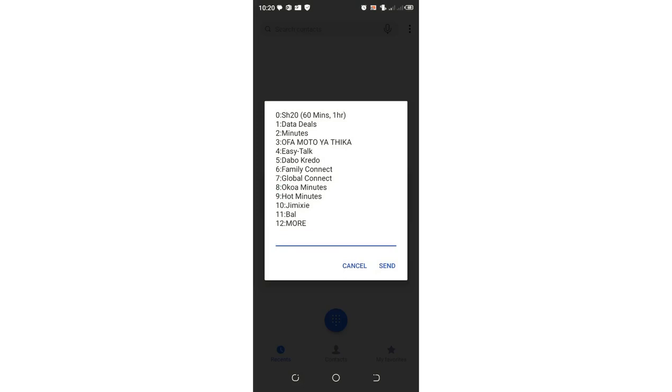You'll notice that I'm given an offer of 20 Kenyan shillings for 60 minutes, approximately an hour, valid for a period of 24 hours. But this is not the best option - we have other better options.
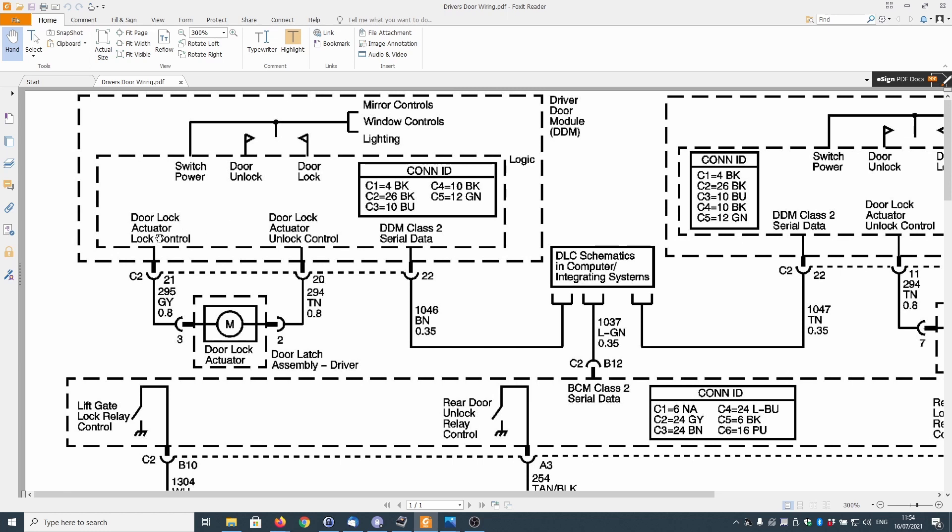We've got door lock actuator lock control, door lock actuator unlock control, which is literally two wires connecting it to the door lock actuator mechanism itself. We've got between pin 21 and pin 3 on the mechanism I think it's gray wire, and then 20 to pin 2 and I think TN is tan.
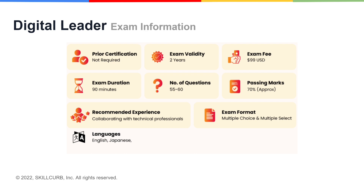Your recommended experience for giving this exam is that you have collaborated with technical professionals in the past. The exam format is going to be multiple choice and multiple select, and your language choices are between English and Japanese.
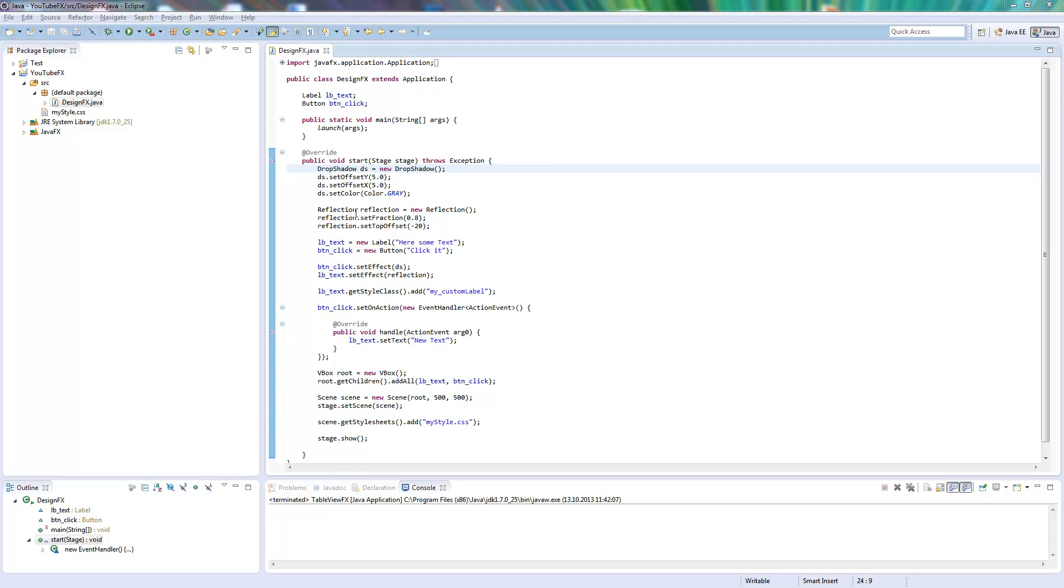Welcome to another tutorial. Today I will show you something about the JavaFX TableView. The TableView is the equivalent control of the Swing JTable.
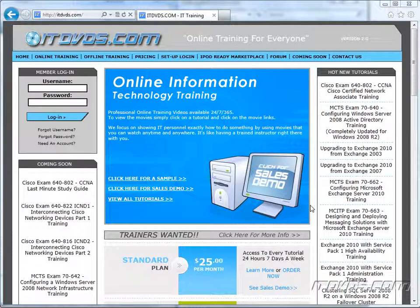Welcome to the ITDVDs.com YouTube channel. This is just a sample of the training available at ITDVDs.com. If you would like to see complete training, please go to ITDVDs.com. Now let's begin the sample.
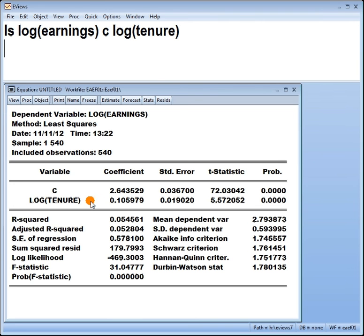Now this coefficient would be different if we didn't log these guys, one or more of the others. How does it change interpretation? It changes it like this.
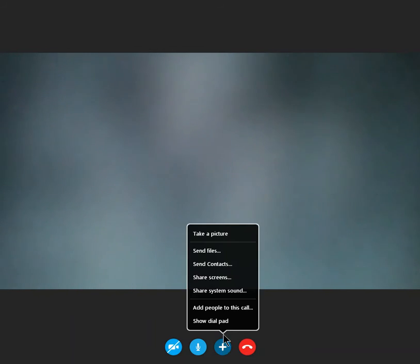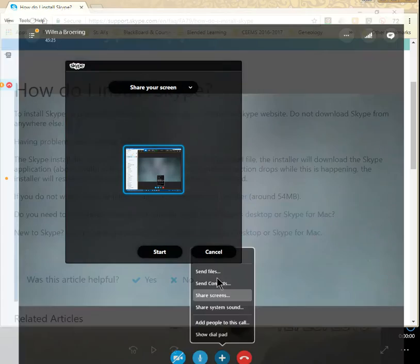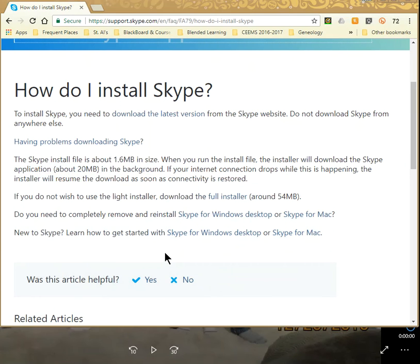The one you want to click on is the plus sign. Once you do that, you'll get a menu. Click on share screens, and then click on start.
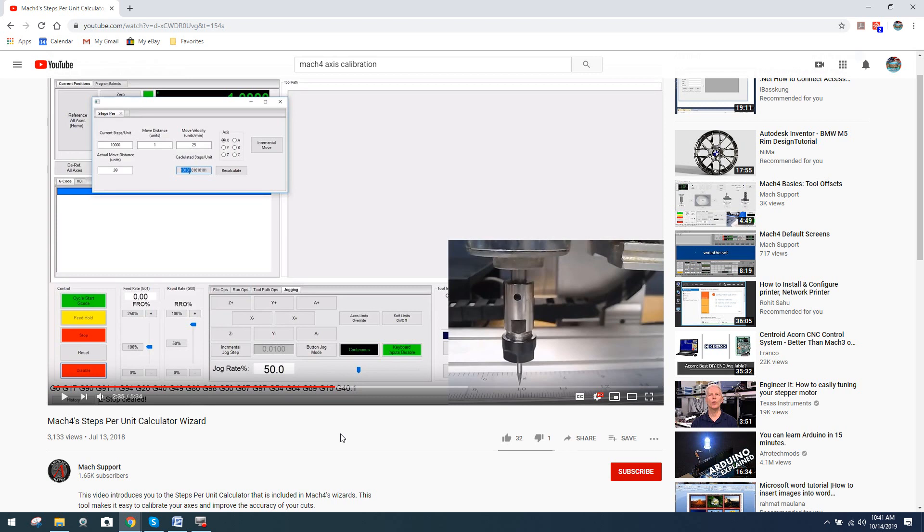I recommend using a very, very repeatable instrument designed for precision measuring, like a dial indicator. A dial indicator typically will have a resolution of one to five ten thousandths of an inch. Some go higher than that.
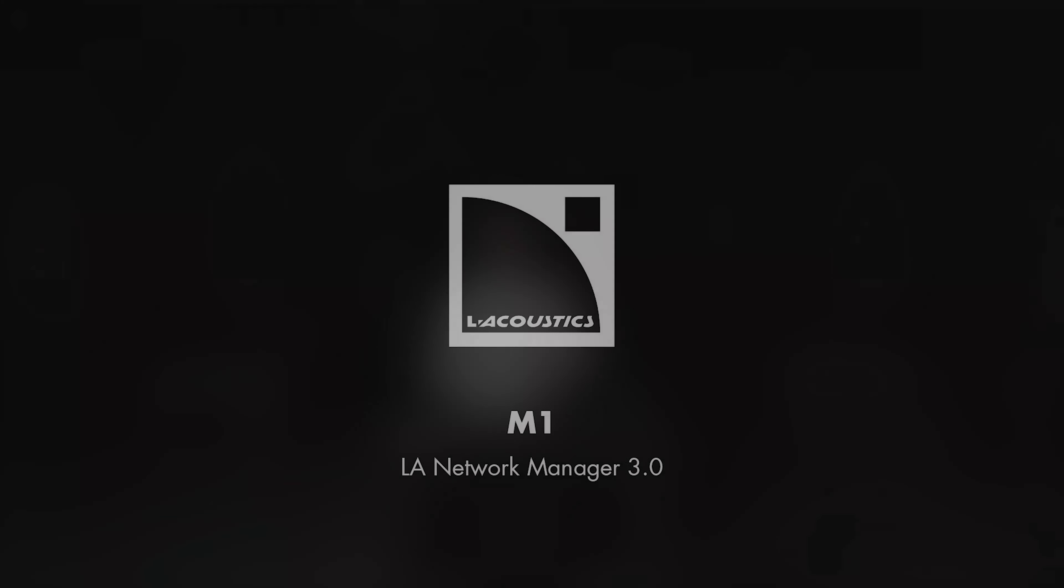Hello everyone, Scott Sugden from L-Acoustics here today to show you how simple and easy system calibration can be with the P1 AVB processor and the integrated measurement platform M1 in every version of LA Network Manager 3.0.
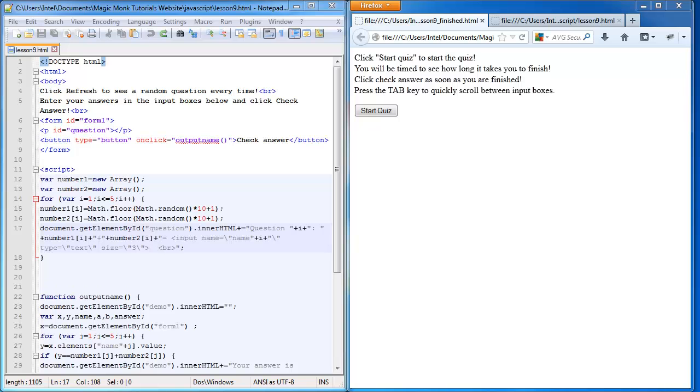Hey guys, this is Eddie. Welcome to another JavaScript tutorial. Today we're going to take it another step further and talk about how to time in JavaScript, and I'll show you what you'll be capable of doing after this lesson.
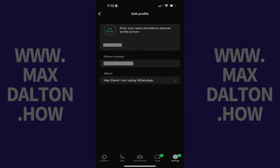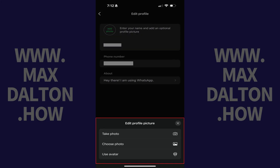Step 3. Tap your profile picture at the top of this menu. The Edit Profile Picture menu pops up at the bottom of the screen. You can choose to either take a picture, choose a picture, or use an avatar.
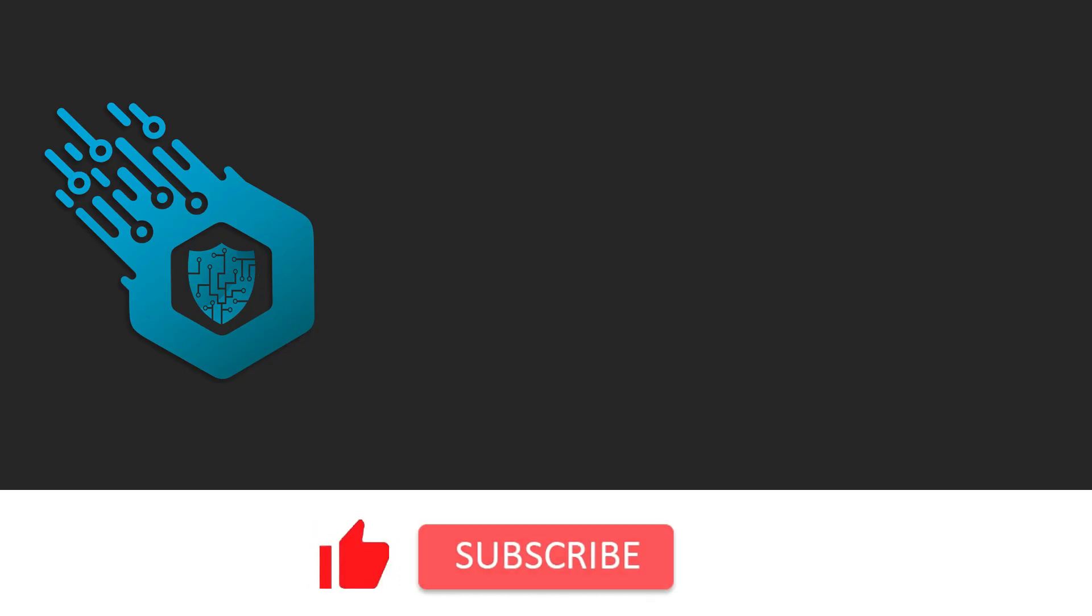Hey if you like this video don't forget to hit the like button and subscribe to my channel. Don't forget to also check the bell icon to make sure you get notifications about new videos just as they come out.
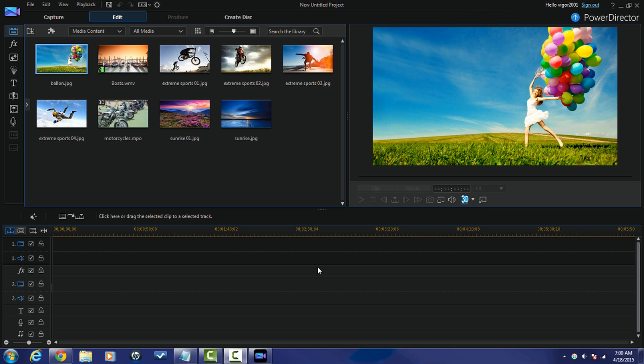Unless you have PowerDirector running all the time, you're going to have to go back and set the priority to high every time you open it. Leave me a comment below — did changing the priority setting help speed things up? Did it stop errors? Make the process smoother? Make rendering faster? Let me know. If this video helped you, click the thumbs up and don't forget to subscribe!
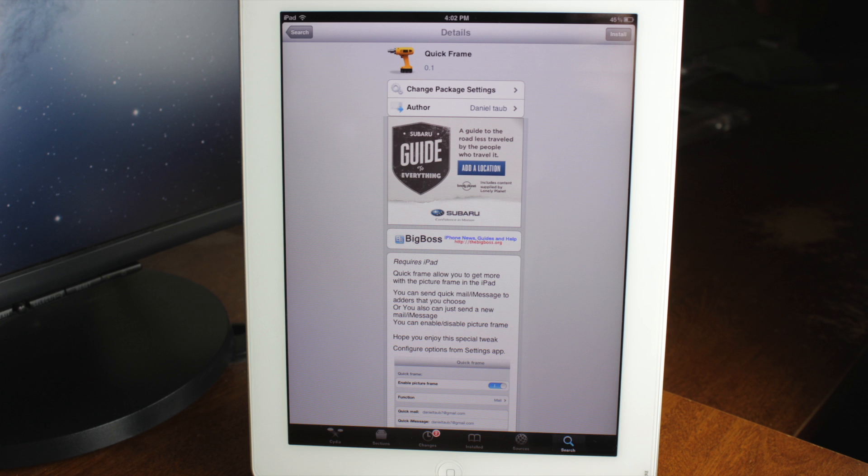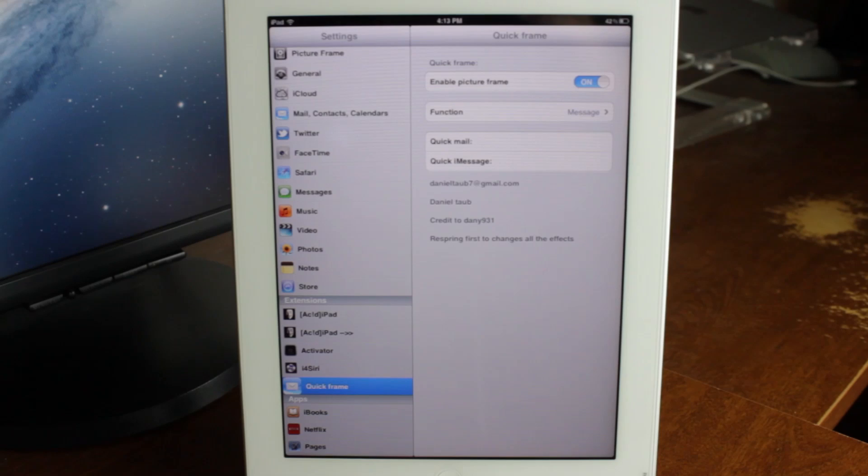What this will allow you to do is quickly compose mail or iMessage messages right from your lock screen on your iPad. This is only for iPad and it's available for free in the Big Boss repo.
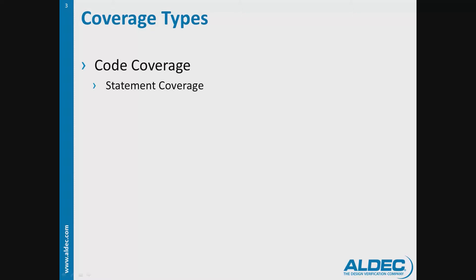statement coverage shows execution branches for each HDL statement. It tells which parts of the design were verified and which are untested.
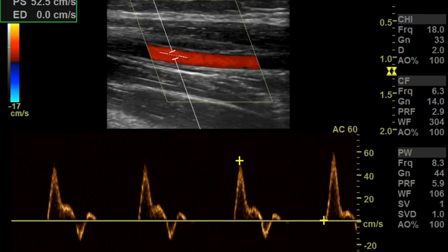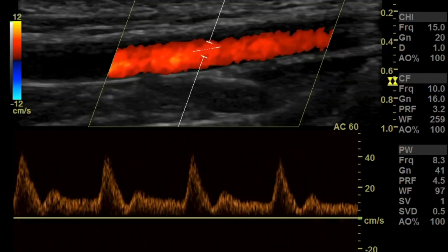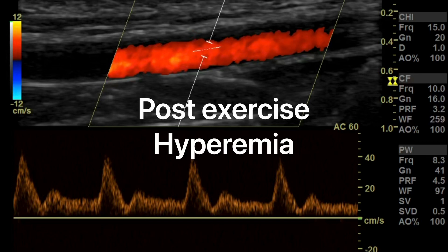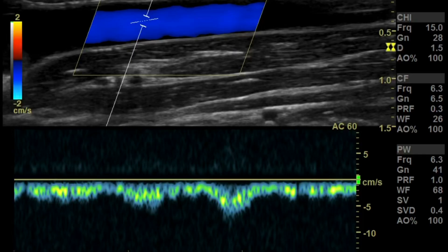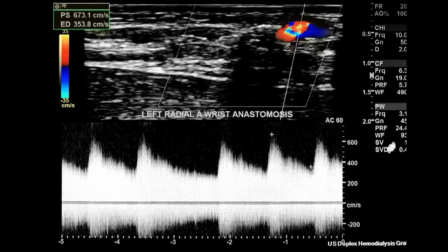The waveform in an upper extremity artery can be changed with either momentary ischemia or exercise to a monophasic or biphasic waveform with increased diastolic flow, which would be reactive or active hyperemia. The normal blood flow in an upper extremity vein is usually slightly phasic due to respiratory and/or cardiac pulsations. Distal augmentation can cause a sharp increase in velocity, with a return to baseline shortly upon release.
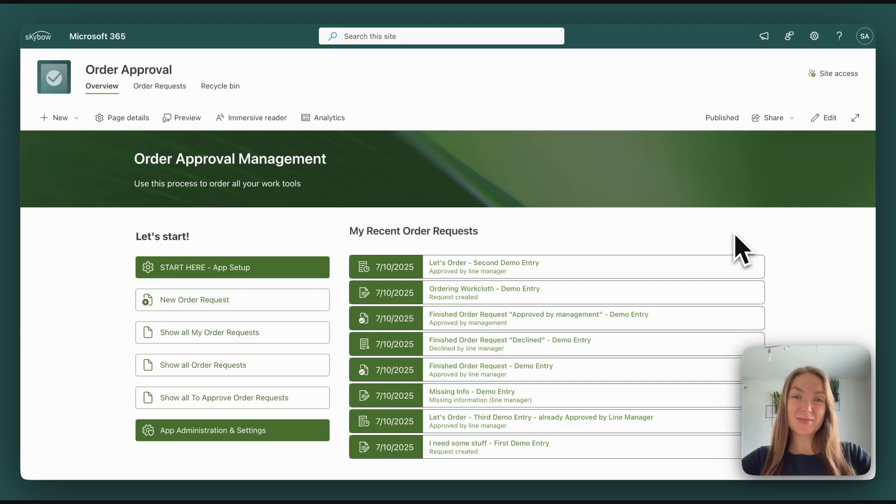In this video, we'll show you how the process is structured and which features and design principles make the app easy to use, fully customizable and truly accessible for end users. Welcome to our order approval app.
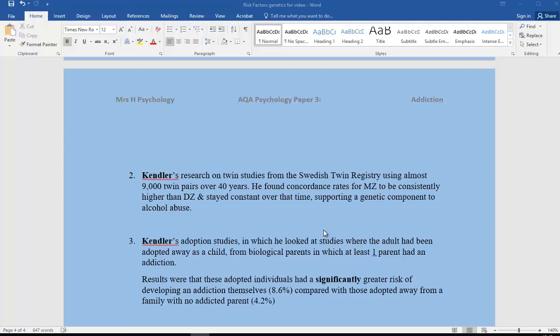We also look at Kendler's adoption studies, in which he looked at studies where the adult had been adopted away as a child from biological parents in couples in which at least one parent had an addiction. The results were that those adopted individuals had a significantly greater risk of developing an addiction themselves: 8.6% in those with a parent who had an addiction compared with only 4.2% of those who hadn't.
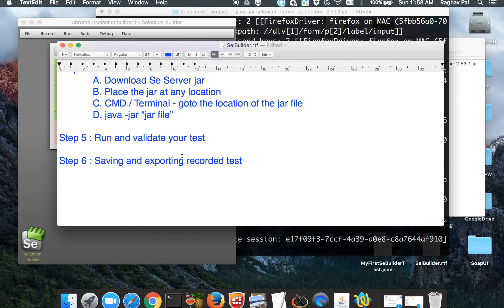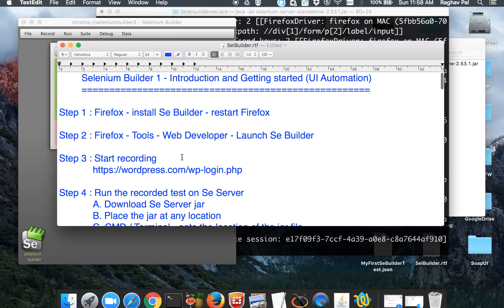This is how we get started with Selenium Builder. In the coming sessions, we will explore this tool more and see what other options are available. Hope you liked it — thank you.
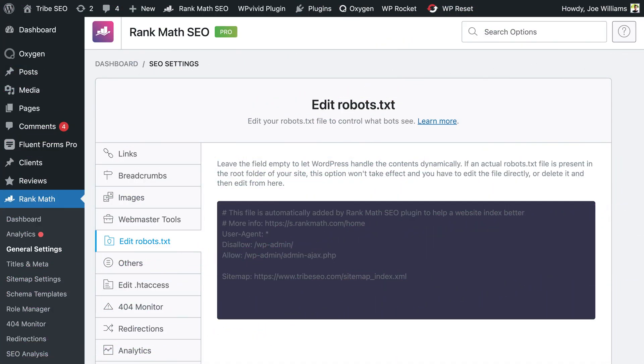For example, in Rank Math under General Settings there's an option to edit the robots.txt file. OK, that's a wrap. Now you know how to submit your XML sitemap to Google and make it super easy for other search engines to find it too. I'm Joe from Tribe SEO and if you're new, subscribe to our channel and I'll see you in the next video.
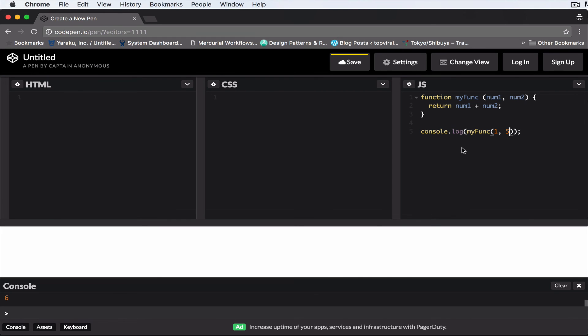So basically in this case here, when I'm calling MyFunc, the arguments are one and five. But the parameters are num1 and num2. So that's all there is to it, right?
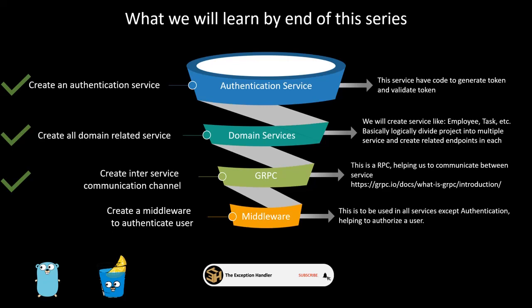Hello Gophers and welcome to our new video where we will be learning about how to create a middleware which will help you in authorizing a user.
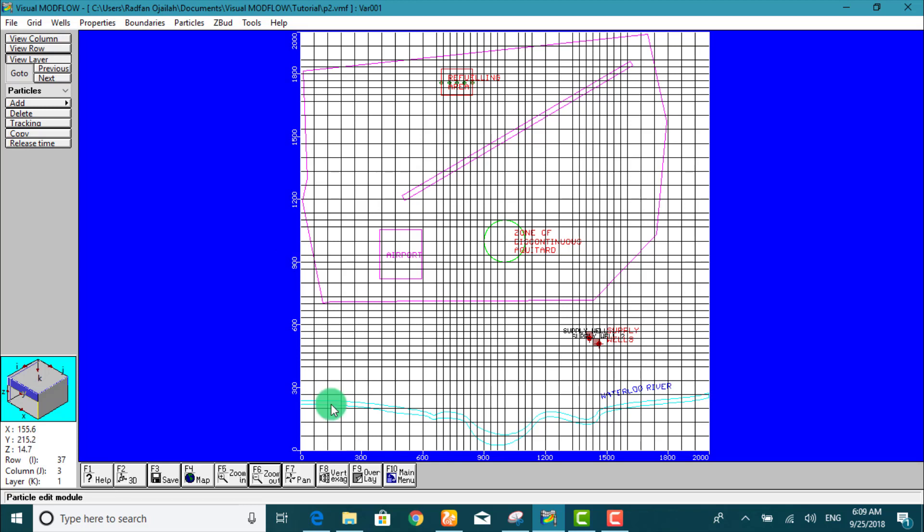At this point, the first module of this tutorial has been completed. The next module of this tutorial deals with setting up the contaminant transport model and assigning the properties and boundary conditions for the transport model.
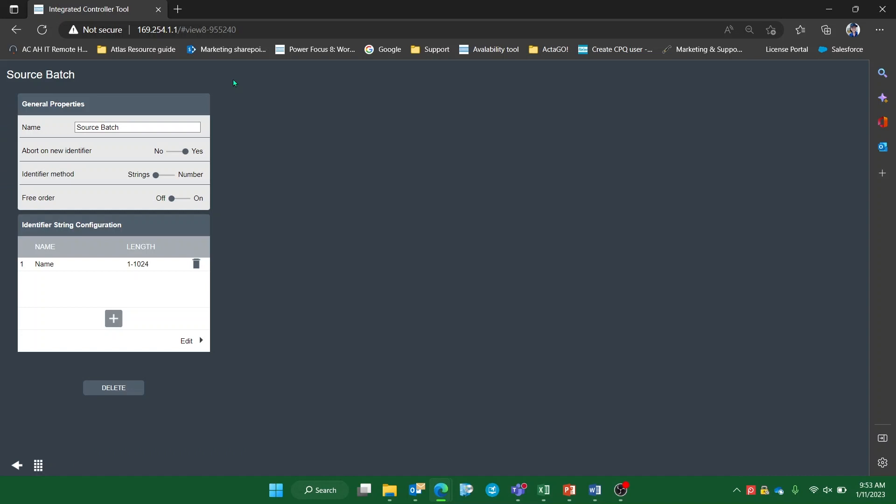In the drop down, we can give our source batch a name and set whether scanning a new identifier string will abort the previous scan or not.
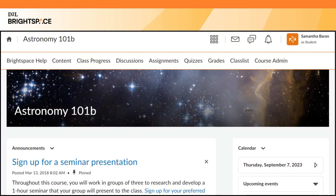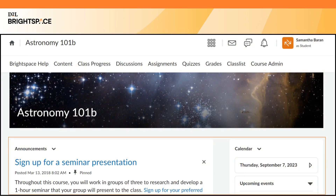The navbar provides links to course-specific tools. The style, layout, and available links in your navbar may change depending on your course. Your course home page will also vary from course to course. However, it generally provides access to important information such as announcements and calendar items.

--

TASK INSTRUCTIONS => Output only the lines running from the top of the data above to the line with "Now this coefficient", inclusive, word for word and without pictures.

EXERCISE RESULT =>
You'll notice that I'm given an offer of 20 Kenyan shillings for 60 minutes, approximately an hour, valid for a period of 24 hours. But this is not the best option - we have other better options.
We've got door lock actuator lock control, door lock actuator unlock control, which is literally two wires connecting it to the door lock actuator mechanism itself. We've got between pin 21 and pin 3 on the mechanism I think it's gray wire, and then 20 to pin 2 and I think TN is tan.
Your recommended experience for giving this exam is that you have collaborated with technical professionals in the past. The exam format is going to be multiple choice and multiple select, and your language choices are between English and Japanese.
Welcome to another tutorial. Today I will show you something about the JavaFX TableView. The TableView is the equivalent control of the Swing JTable.
Welcome to the ITDVDs.com YouTube channel. This is just a sample of the training available at ITDVDs.com. If you would like to see complete training, please go to ITDVDs.com. Now let's begin the sample.
Now this coefficient would be different if we didn't log these guys, one or more of the others. How does it change interpretation? It changes it like this.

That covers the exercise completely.